Matt Kaeberlein et al. propose that the TOR and Sch9 kinases regulate longevity in yeastWho:Matt Kaeberlein, R. Wilson Powers III, Kristan K. Steffen, Eric A. Westman, Di Hu, Nick Dang, Emily O. Kerr, Kathryn T. Kirkland, Stanley Fields, Brian K. Kennedy
When:November 18, 2005
Methods: Large-scale analysis of 564 gene deletions which yielded 6 genes corresponding to the TOR and Sch9 pathways
Funding: National Institutes of Health
In 2005 Kaeberlein et al. published a paper suggesting that the mechanism for calorie restriction is via the TOR1 Sch9 pathways, independent of the Sir2 pathway.
Kaeberlein et al. reached their conclusion via analysis 564 gene deletion strains of yeast. The strains were then classified as follows:
- Mean life span less than 20 generations are short lived (SL)
- Mean life span less than 26 generations are not long lived (NLL)
- Mean life span more than 36 generations are long lived (LL)

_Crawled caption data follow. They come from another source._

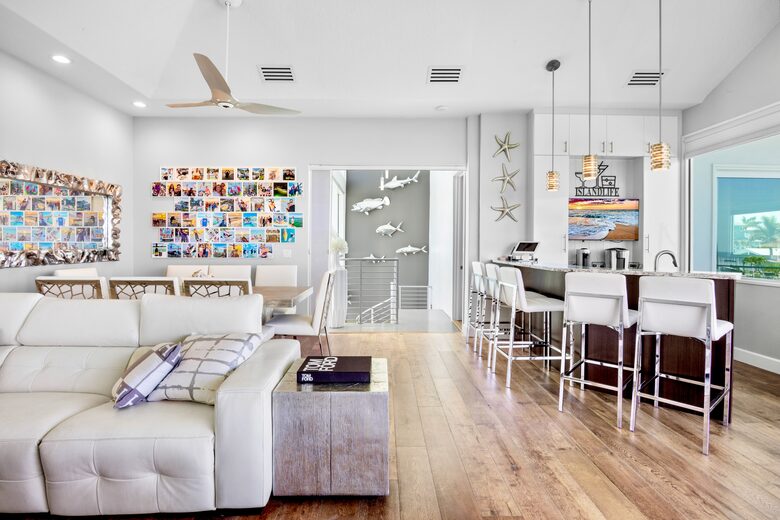 Island Life Villa - 5 Bed at Anna Maria, Florida - Holmes Beach, Florida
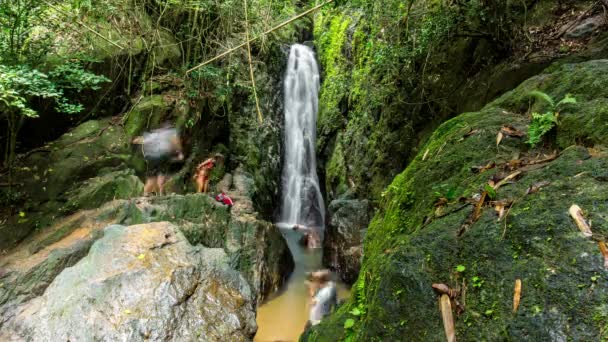 Turister på berömda berget vattenfall — Stockvideo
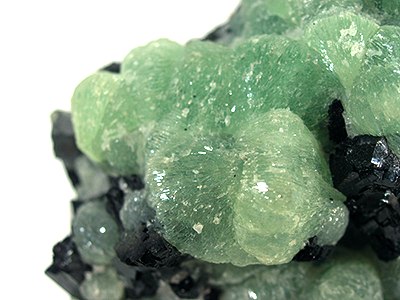 File:Babingtonite-Prehnite-mrz231b.jpg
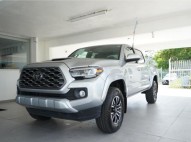 TOYOTA TACOMA TRD SPORT 4X4 SOLO 29K MILLAS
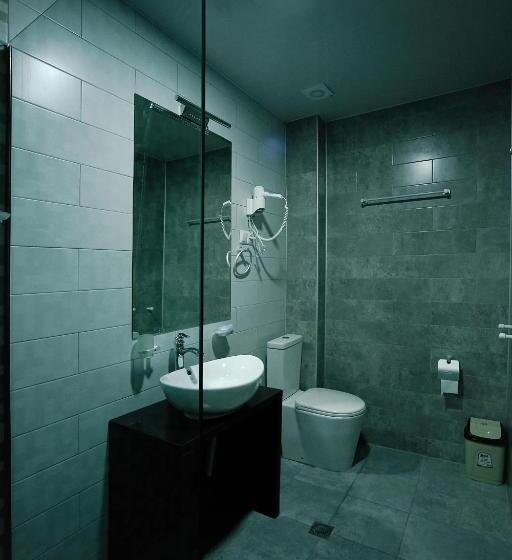 اتاق لوکس با بالکن, Rero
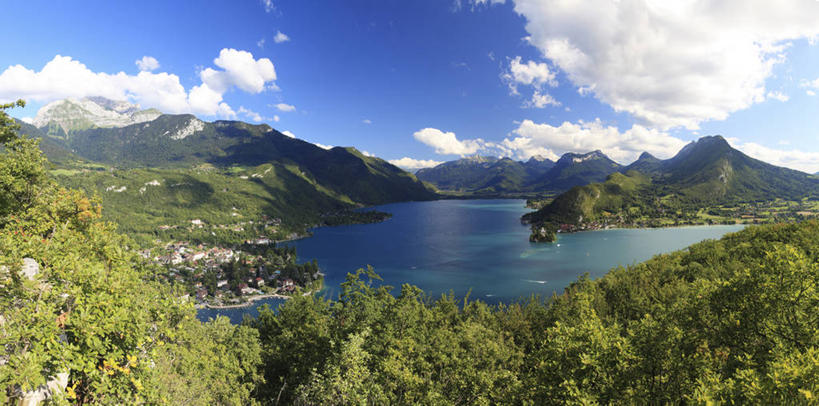 无人,横图,室外,白天,正面,旅游,度假,湖,湖泊,美景,森林,山,山脉,树林,水,植物,法国,欧洲,阴影,光线,影子,湖面,景观,山峰,水流,水面,云,云朵,山峦,云彩,娱乐,树,树木,蓝色,绿色,白云,蓝天,天空,阳光,自然,湖水,群山,天,享受,休闲,景色,放松,生长,晴朗,成长,西欧,法兰西,自然风光,法兰西共和国,安纳西湖,法兰西第五共和国,上萨瓦省,上萨瓦,晴空,彩图,罗讷.阿尔卑斯,罗讷.阿尔卑斯大区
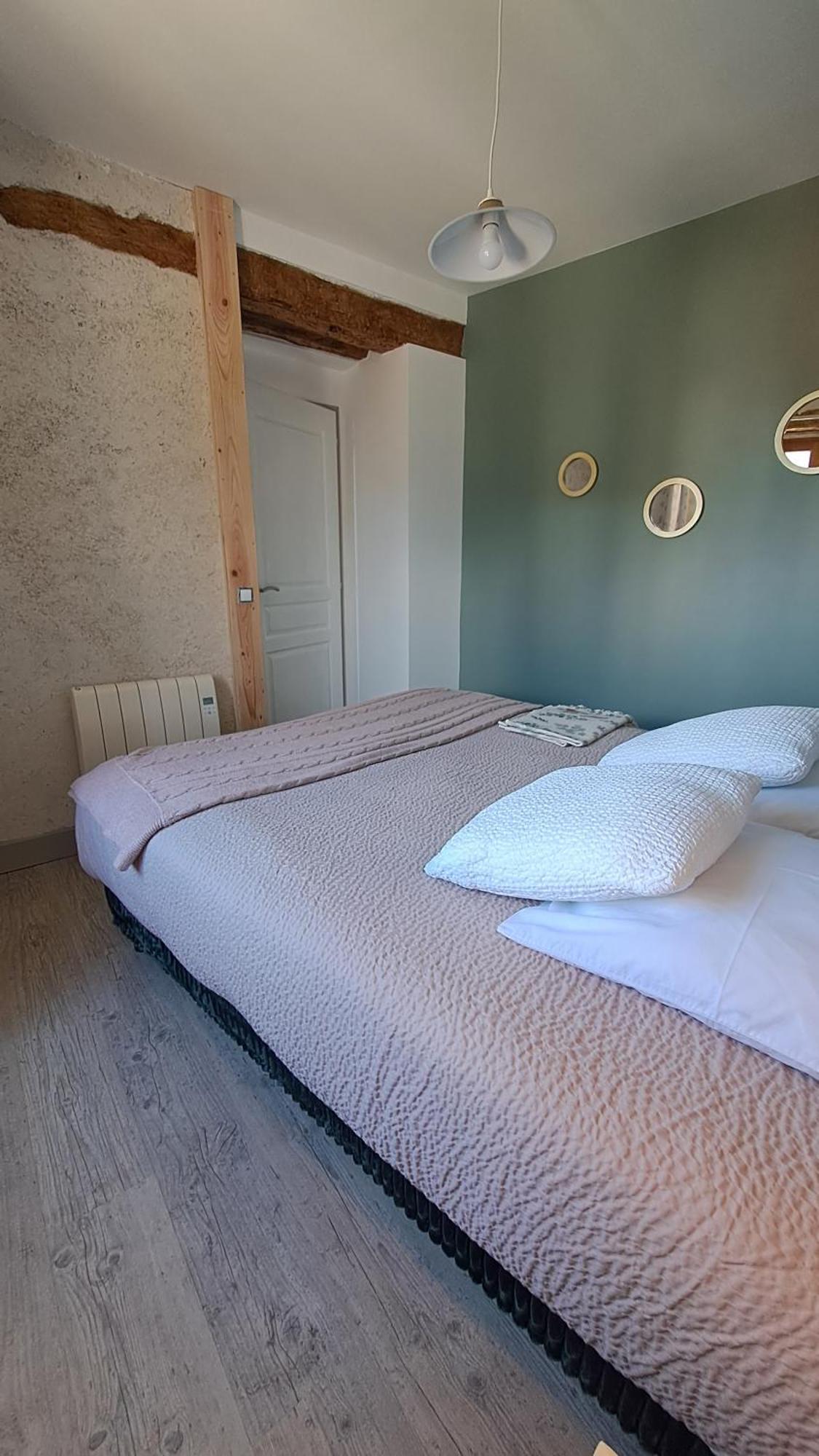 Bed and Breakfast Le Grenier Des Moineaux Font-Romeu-Odeillo-Via Pokoj fotografie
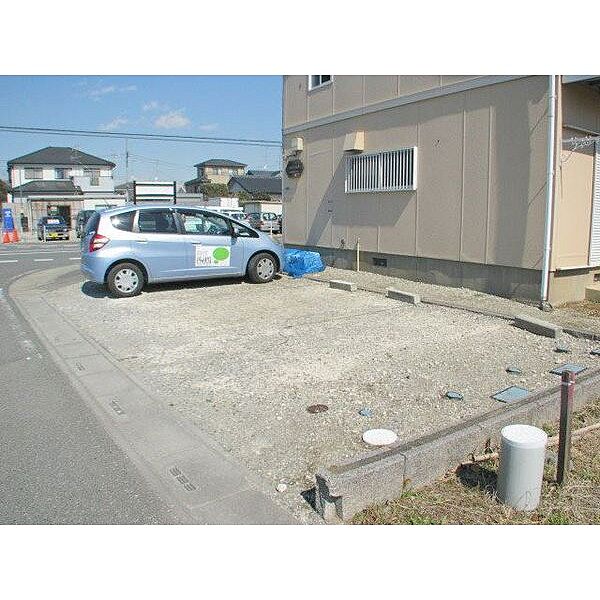 detached 埼玉県比企郡滑川町月の輪６丁目7-16

地図を見る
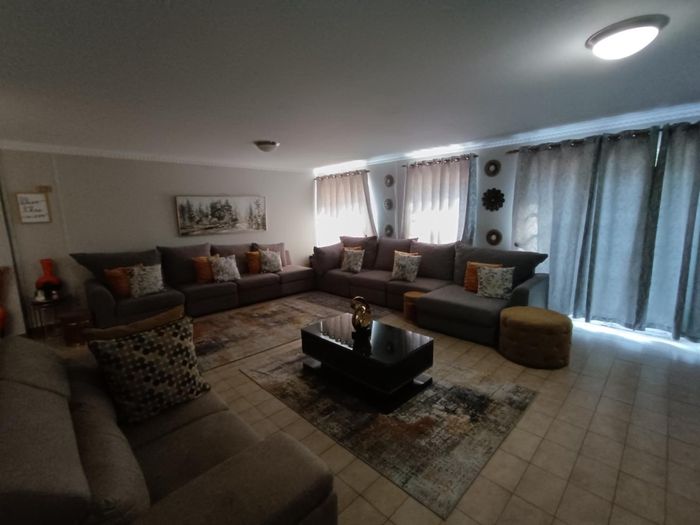 Property #2561294, Townhouse For Sale in Brooklyn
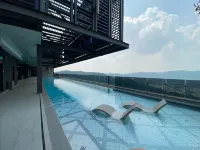 Mossaz by OliverHome - 2Pax - SmartTV - Hextar World - 1Utama - Infinity Pools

The resultant deletion strains showed that decreased expression of TOR1, protein kinase A (PKA), and Sch9 all increased replicative life-span. TOR1 is thought to run upstream and parallel to PKA and Sch9. All three mechanisms regulate common downstream targets such as ribosomal proteins Rp131a and Rp16b.
Since it has been shown that orthologs of TOR1 and Sch9 in Caenorhabditis
elegans and Drosophila melanogaster regulate lifespan, the authors conclude that the reduced activity of TOR1 and Sch9 presents "a model whereby CR increases life span
through a highly conserved, Sir2-independent
signaling network from nutrients to ribosomes."